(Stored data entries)
*** Block opens ***
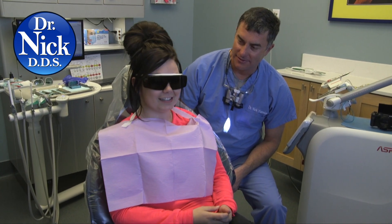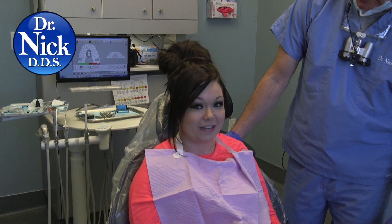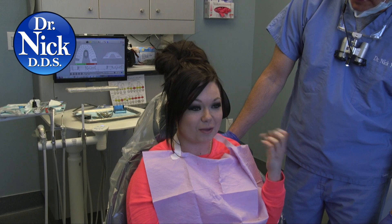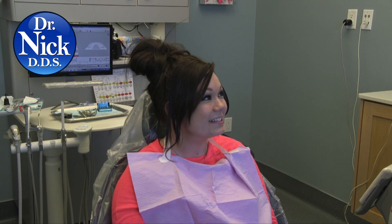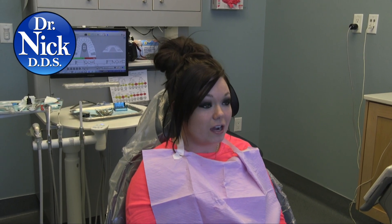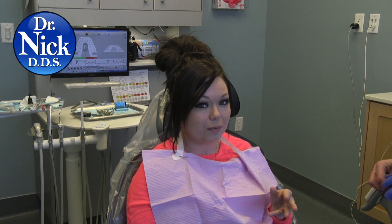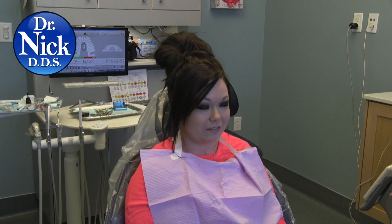No one likes the drill either — the noise, the vibrating. I didn't feel anything. All you hear is the popping, but as far as tooth sensitivity, it's like I just had my mouth open for 20 minutes for nothing. It was no big deal. Did you feel the filling, the water, any of that? No. There was one point with a little sensation of cold, but it didn't last long at all.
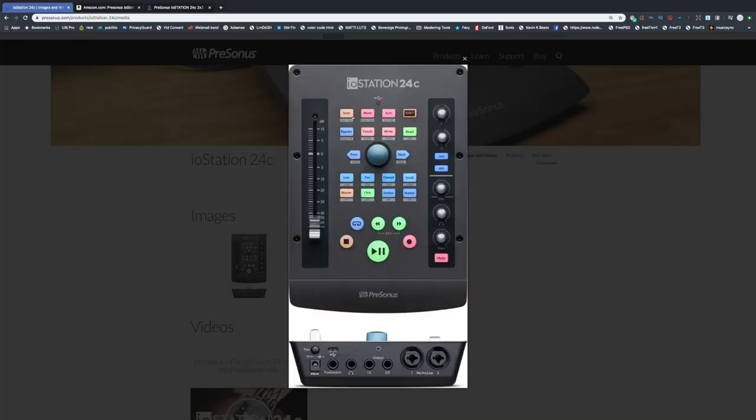Going back to the top, you have your basic functions: your solo, mute, arm, and shift — which activates second functions on these different buttons. You can also bypass, touch, and this is your automation lane right here. The previous and next knob has nice little functions like toggling between your different markers or arrangement pages.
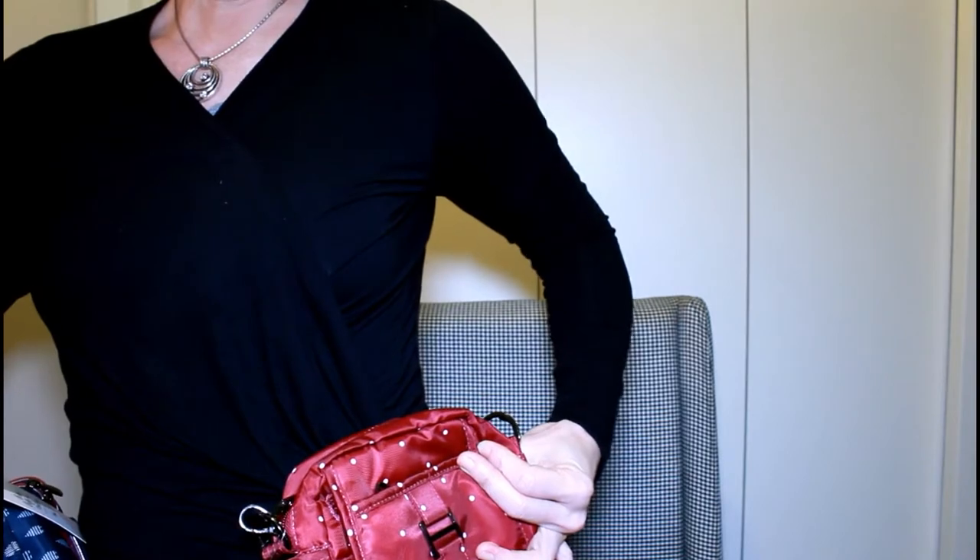It has these loops behind it that you can put on your belt, and it just hangs on your hip. When you travel you can just clip it right there on your hip. Especially when going through the airport and TSA, I'll have this with my passport in it. It's got a magnetic clip and a zipper in the front.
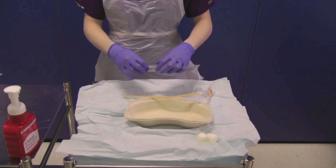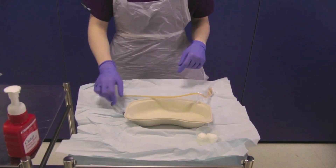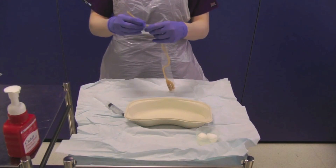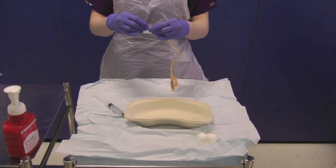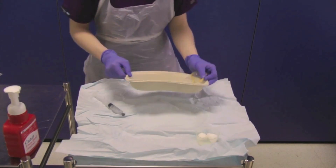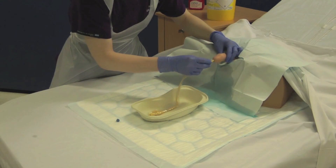Open the 10ml syringe from its sterile packaging and leave this on your sterile field. Open the urinary catheter from its sterile packaging using the perforations to help you, exposing the catheter tip only. Hold this in the sterile J-tray and place onto the bed between the patient's legs, avoiding touching the catheter directly and using the packaging as a barrier.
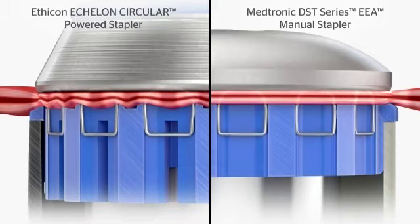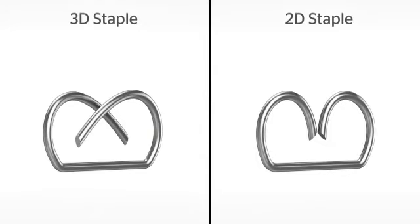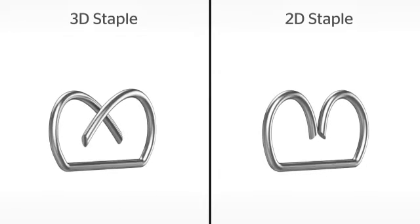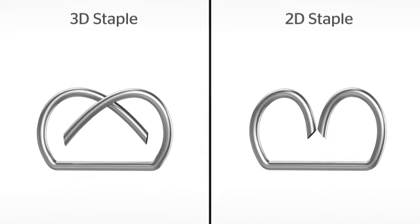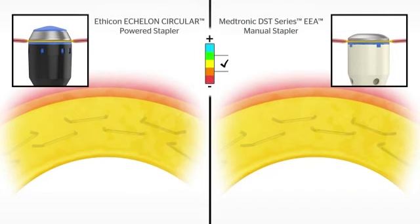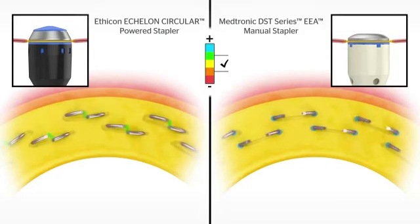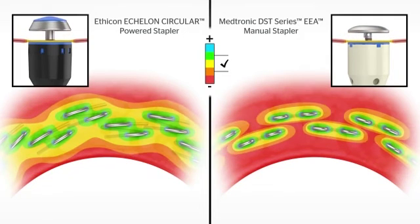The Echelon Circular powered stapler also features 3D stapling technology. The 3D staple is designed with offset closure of the staple legs to evenly distribute compression throughout the staple line. As the anvil closes down, it compresses the tissue layers. The colored scale demonstrates the level of compression: pink has no compression and blue has the highest compression, with the ideal compression at the middle of the scale. 3D stapling technology evenly distributes compression and reduces potential leak paths.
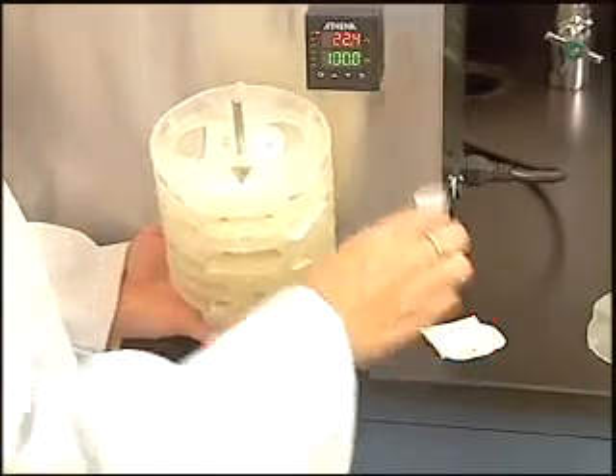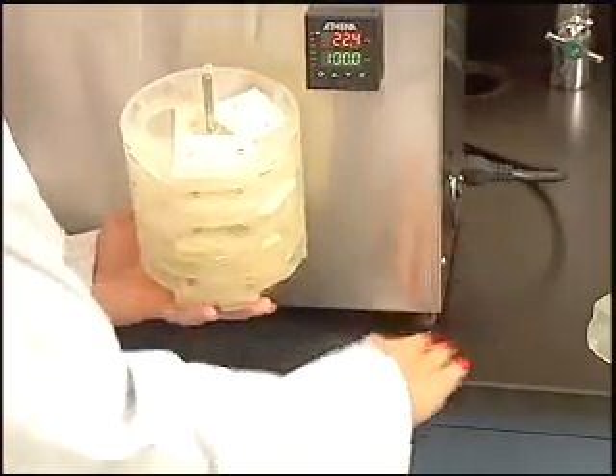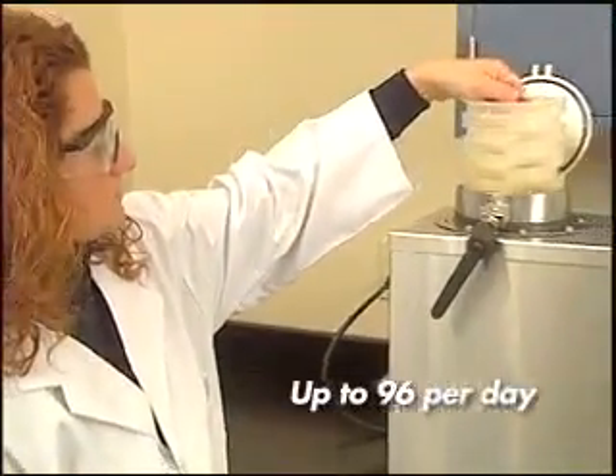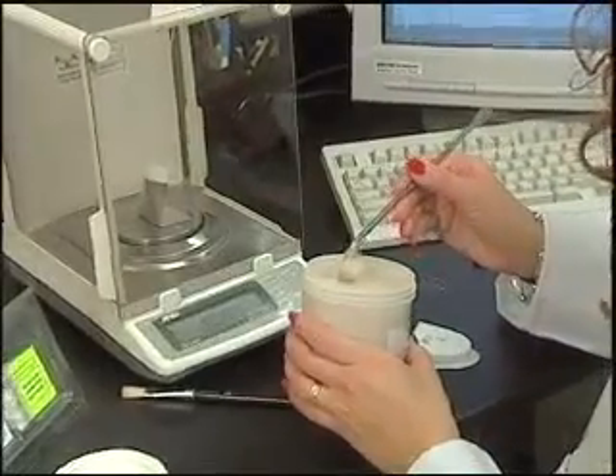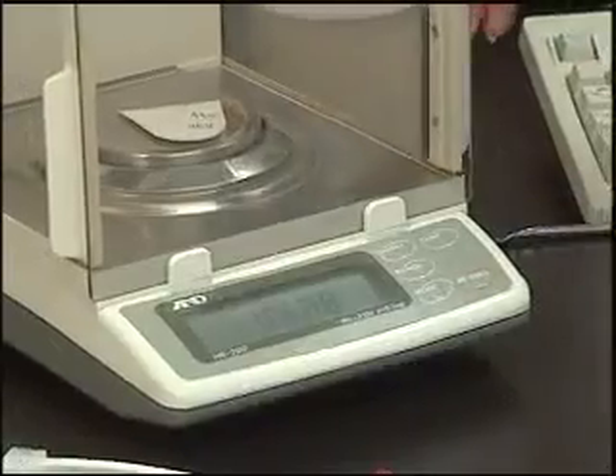With the ANCOM fiber analyzer, one technician can complete up to 96 fiber determinations during the normal workday and still complete other work. When the process is complete, the samples are dried and re-weighed to determine the fiber value.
*** Block closes ***
Give exactly the lines above that run from the line with "Open the 10ml" to the line with "The Echelon Circular", both included, leaving every picture out.

▶ **Your response**
Open the 10ml syringe from its sterile packaging and leave this on your sterile field. Open the urinary catheter from its sterile packaging using the perforations to help you, exposing the catheter tip only. Hold this in the sterile J-tray and place onto the bed between the patient's legs, avoiding touching the catheter directly and using the packaging as a barrier.
The Echelon Circular powered stapler also features 3D stapling technology. The 3D staple is designed with offset closure of the staple legs to evenly distribute compression throughout the staple line. As the anvil closes down, it compresses the tissue layers. The colored scale demonstrates the level of compression: pink has no compression and blue has the highest compression, with the ideal compression at the middle of the scale. 3D stapling technology evenly distributes compression and reduces potential leak paths.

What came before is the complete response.